Non-GAAP cash from operations. Non-GAAP cash from operations consists of GAAP cash from operations adjusted for non-recurring payments of liabilities associated with our acquisitions and payments of acquisition related fees of $0.5 million. These exclusions are made to GAAP cash from operations to facilitate a consistent and more meaningful comparison to the prior year period as their effect was not included in our first quarter 2010 results.
Share-based compensation expense. Share-based compensation expense consists of expenses for stock options and stock awards that the Company began recording in accordance with ASC 718 during the first quarter of 2006. Share-based compensation was $1.1 million for the three months ended March 31, 2011 and $1.3 million for the three months ended March 31, 2010. Share-based compensation expenses are excluded in the Company’s non-GAAP financial measures because share-based compensation amounts are difficult to forecast. This is due in part to the magnitude of the charges which depends upon the volume and timing of stock option grants, which are unpredictable and can vary dramatically from period to period, and external factors such as interest rates and the trading price and volatility of the Company’s common stock. The Company believes that this exclusion provides meaningful supplemental information regarding the Company’s operating results because these non-GAAP financial measures facilitate the comparison of results for future periods with results from past periods. The dilutive effect of all outstanding options is included in the calculation of diluted earnings per share on both a GAAP and a non-GAAP basis.
Amortization of acquired intangible assets. In accordance with GAAP, operating expenses include amortization of acquired intangible assets which are amortized over the estimated useful lives of such assets. Amortization of acquired intangible assets was $3.5 million for the three months ended March 31, 2011, and $0.9 million for the three months ended March 31, 2010. Amortization of acquired intangible assets is excluded from the Company’s non-GAAP financial measures because the Company believes that such exclusion facilitates comparisons to its historical operating results and to the results of other companies in the same industry, which have their own unique acquisition histories.
Acquisition-related fees. In accordance with ASC 805, Business Combinations, acquisition-related fees including advisory, legal, accounting and other professional fees are reported as expense in the periods in which the costs are incurred and the services are received. Acquisition-related fees of $0.1 million for the three months ended March 31, 2011 include legal, travel, and other fees not expected to reoccur from the acquisitions. Acquisition-related fees are excluded in the non-GAAP financial measures because the Company believes that such exclusion facilitates comparisons to its historical operating results and to the results of other companies in the same industry, which have their own unique acquisition histories.

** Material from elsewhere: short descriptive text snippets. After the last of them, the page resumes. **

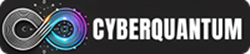 cyber logo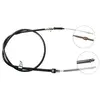 Handremkabel K11397 ABS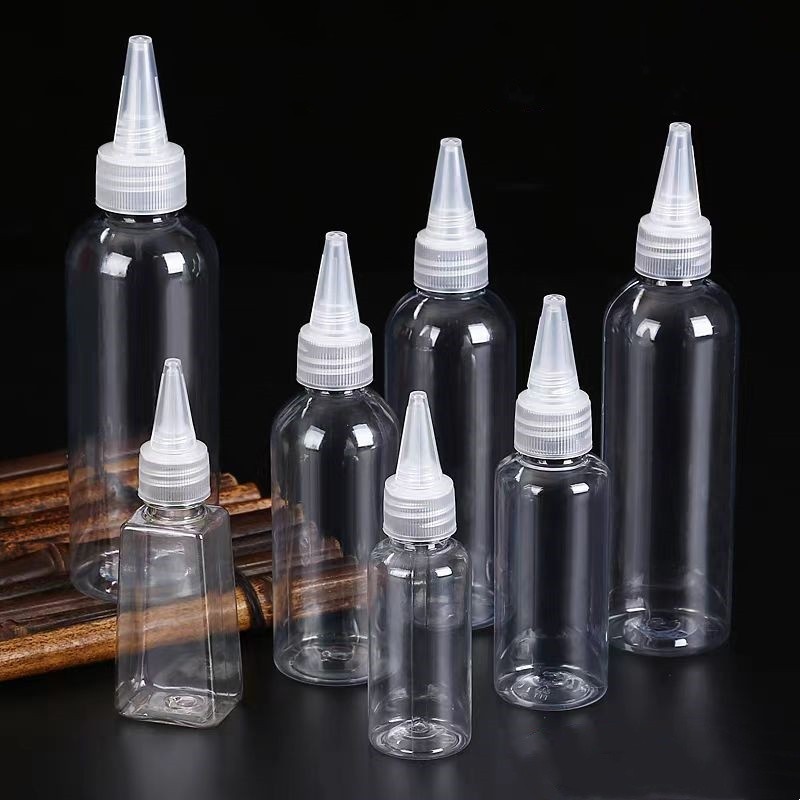 รูปภาพ 8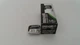 Батарейка часовая Maxell SR920SW (371) 1.55V 39mAh 9,5x2.05mm&nbsp;Серебрянно-цинковая - изображение 7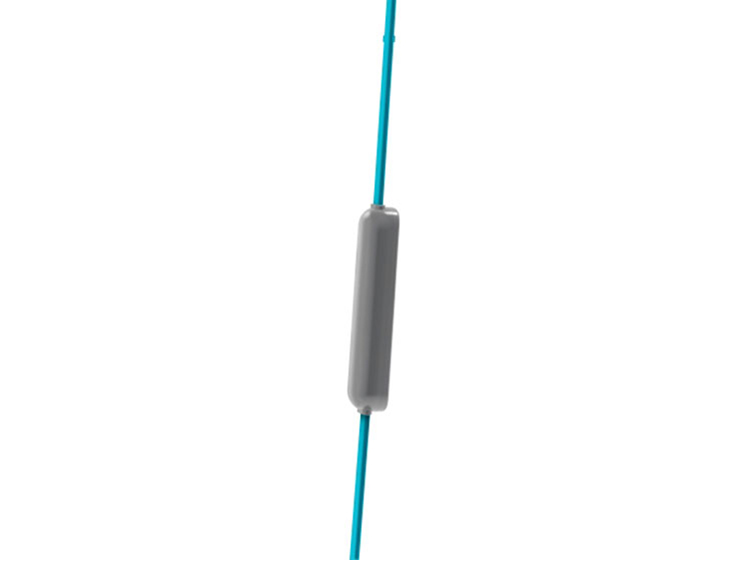 iSport INTENSITY MH ISRT INT IE BL BT [�u���[]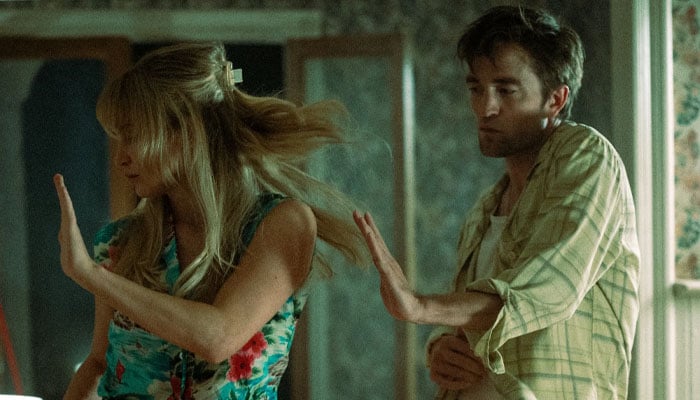 THESE Hollywoods mind-blowing films of 2025 will leave you speechless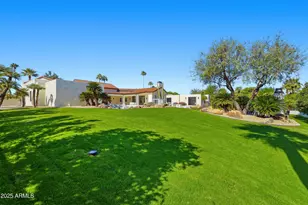 8635 N 65th St, Paradise Valley, AZ 85253 - Photo 48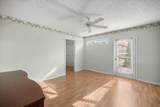 1308 La Estrellita Way - Photo 23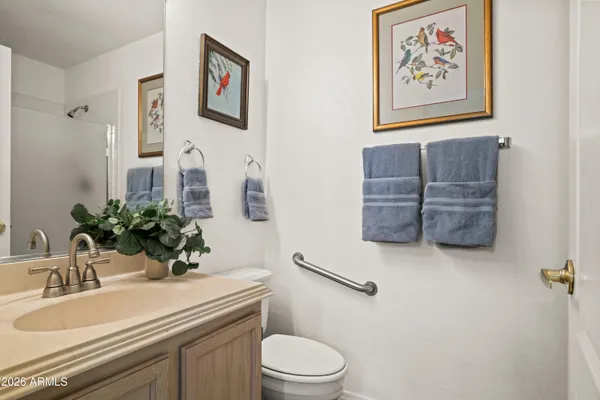 $719,900 | 6045 West Potter Drive, Glendale, AZ 85308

Non-GAAP tax. Non-GAAP tax is an estimated tax applied to the non-GAAP net income for purposes of determining the non-GAAP income allocable to common shareholders. Including the amount is considered important in the determination of non-GAAP income allocable to common shareholders since it depicts a more meaningful measure of the Company’s non-GAAP results.
About Kenexa
Kenexa® provides business solutions for human resources. We help global organizations multiply business success by identifying the best individuals for every job and fostering optimal work environments for every organization. For more than 20 years, Kenexa has studied human behavior and team dynamics in the workplace, and has developed the software solutions, business processes and expert consulting that help organizations impact positive business outcomes through HR. Kenexa is the only company that offers a comprehensive suite of unified products and services that support the entire employee lifecycle from pre-hire to exit. Additional information about Kenexa and its global products and services can be accessed at www.kenexa.com.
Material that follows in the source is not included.